How to keep the components of a metric tensor constant?

[snoopies622]

I've noticed that a very easy way to generate the Lorentz transformation is to draw Cartesian coordinate axes in a plane, label then ix and ct, rotate them clockwise some angle $\theta$ producing axes ix' and ct', use the simple rotation transformation to produce ix' and ct', then just divide out the i and c accordingly. I assume this works because rotation keeps the components of the metric tensor constant, and applying a kind of pseudo-Euclidean metric $ds^2 = d(ix)^2 + d(ct)^2 = d(ix')^2 + d(ct')^2$ is consistent with the premise of special relativity.
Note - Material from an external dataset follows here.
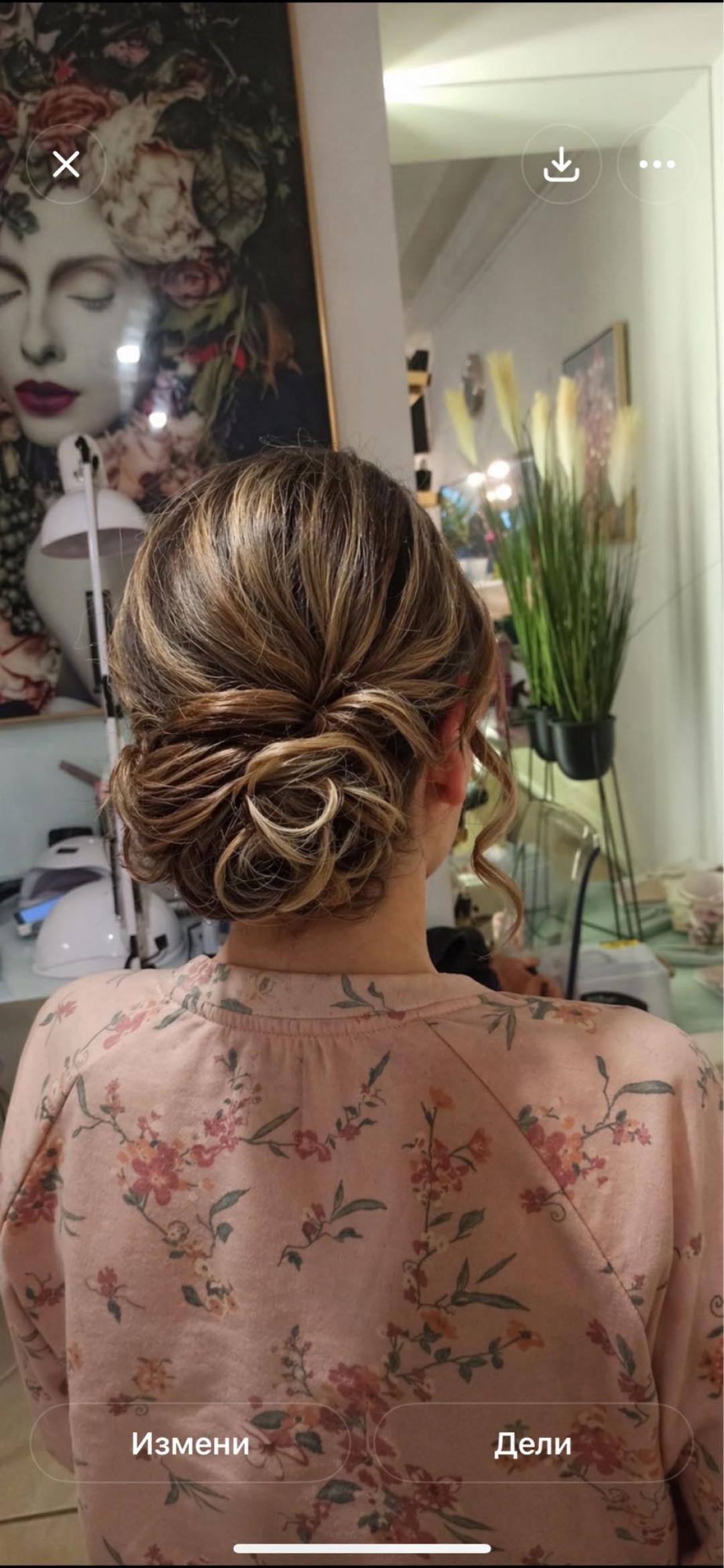 Tmins - My Way Vračar #beograd Svečane i frizure za svadbu Svečana frizura - jednostavna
My question is, what other linear transformations in a plane maintain the
[ 1 0
0 1 ]
metric tensor form?
Thanks.

 

[jambaugh]

Your use of Euclidean rotations will not properly reflect a Lorentz rotation because, whether you incorporate an $i$ factor for the x-coordinate or not, the quadratic form conserved by your simple rotations will be the Euclidean distance: $r = \sqrt{ |ix|^2 + |ct|^2}$. Note you can rotate over 45degrees and convert a time like displacement to a space-like displacement.
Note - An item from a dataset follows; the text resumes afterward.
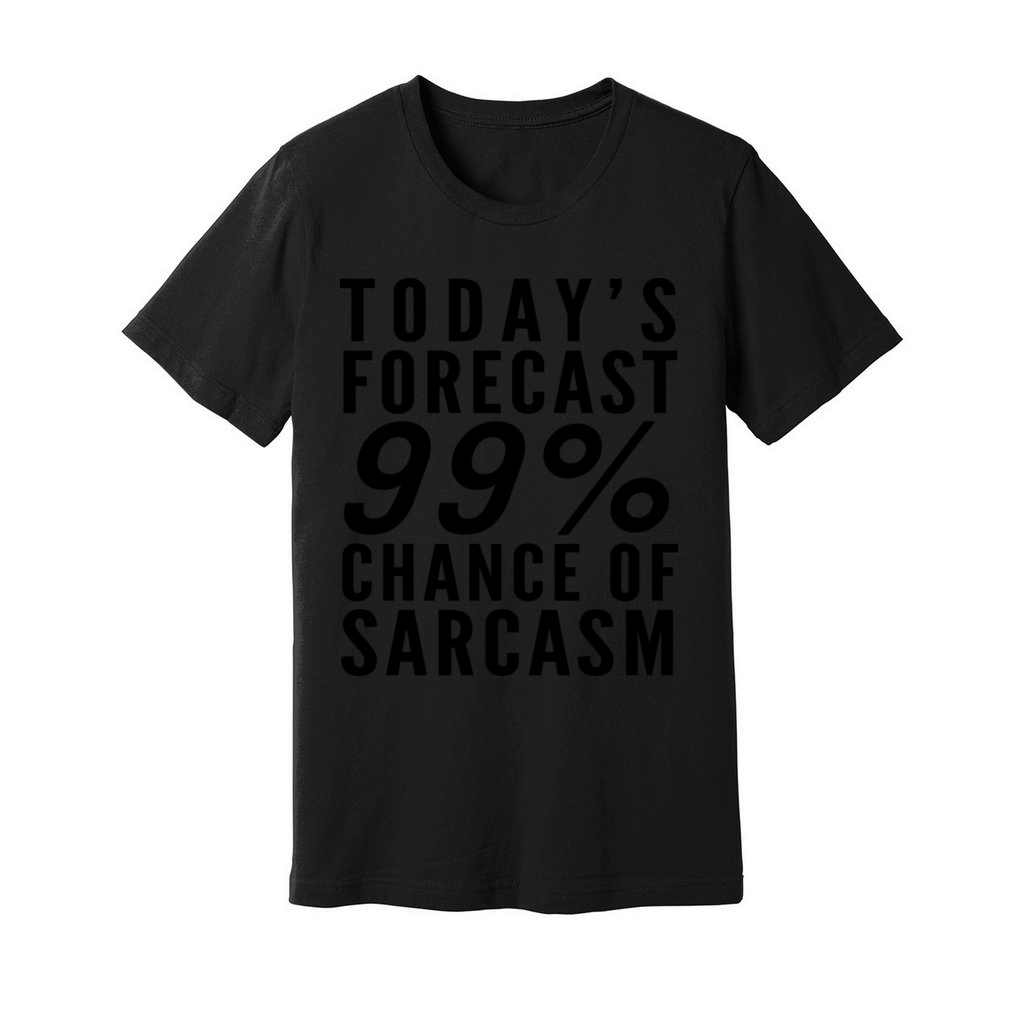I speak sarcastic Unisex Jersey Tee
You should rather fully generalize to pseudo-Euclidean pseudo-rotations by utilizing hyperbolic trigonometric functions.
$$\left[\begin{array}{c} x' \\ ct' \end{array}\right] = \left( \begin{array}{cc} \cosh(\beta) & \sinh(\beta) \\ \sinh(\beta) & \cosh(\beta) \end{array}\right) \left[ \begin{array}{c} x \\ ct \end{array}\right]$$
[edit: Note the absence of a minus sign on the off-diagional sinh.]
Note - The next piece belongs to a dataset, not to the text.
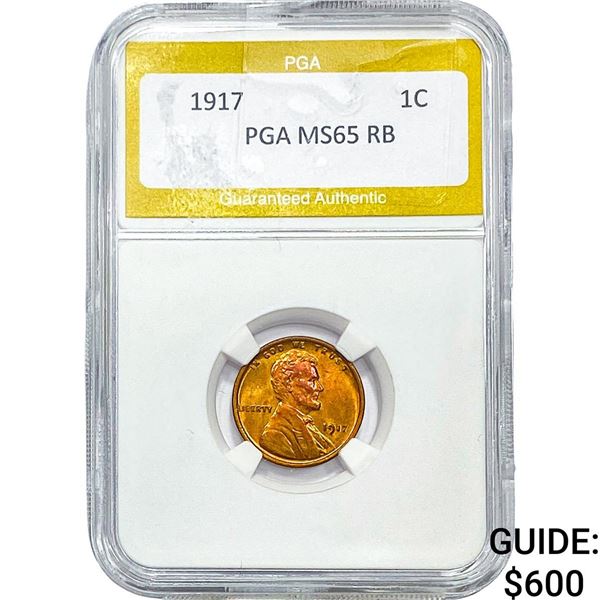 1917 Wheat Cent MS 65RB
The pseudo-angle $\beta$ is the boost parameter which we can relate to the relative frame velocity by $v/c = \tanh(\beta)$. This is a nice way to do things because the whole complicated addition of boost velocities problems has an elegant solution in that it is the boost parameters that add. $\beta= \beta_1 + \beta_2$.

Now there is a situation where it is valid to complexify the coordinates and perform a Wick rotation but that has to do with path integration which become path independent in the complex extension provide one accounts properly for poles. This is a matter of analytically extending the domain of the formal path integral including any pseudo-metric dependency, to the complex extension of space-time. Then using the mathematical result about path independence of the path integral (provided no poles are crossed) one can move the integral to a value-equivalent path on a real-Euclidean subspace of the complexification of the prior real pseudo-Euclidean space.

 

[snoopies622]

Thanks Jambaugh, good stuff.

Perhaps I should have left out special relativity altogether and simply posed my question this way: In a plane using the Cartesian coordinate system, the metric is $ds^2 = dx^2 + dy^2$. If I create a new coordinate system (x',y') by rotating the (x,y) axes through any angle, the metric using the new coordinates is $ds^2 = (dx')^2 + (dy')^2$. That is, the components of the metric tensor are exactly the same.
$$\begin{pmatrix} 1 & 0 \\ 0 & 1 \end{pmatrix}$$
This is not at all true in general, so I'm wondering if there are any other linear transformations that have this property. Thanks!

 

[jambaugh]

Ah, I see. Well there's a well established answer to your question. Those linear transformations which leave the metric unchanged are elements of the orthogonal group (or psuedo-orthogonal group if you're in SR and dealing with an indefinite metric).

So for example, in the plane, O(2) is the group of rotations about the origin composed with a reflection about some line through the origin.

The Lorentz group, O(3,1) is the group preserving the space-time metric of special relativity.

And we generalize these to general indefinite metrics. The orthogonal group O(p,n) preserves the metric with square norm equal to the sum of p squared terms minus the sum of another n squared terms.

And, finally, if you remove those orthogonal transformations which invert the space you have the special orthogonal group: SO(p,n).

 

[snoopies622]

Great, this is just what I was looking for - thanks!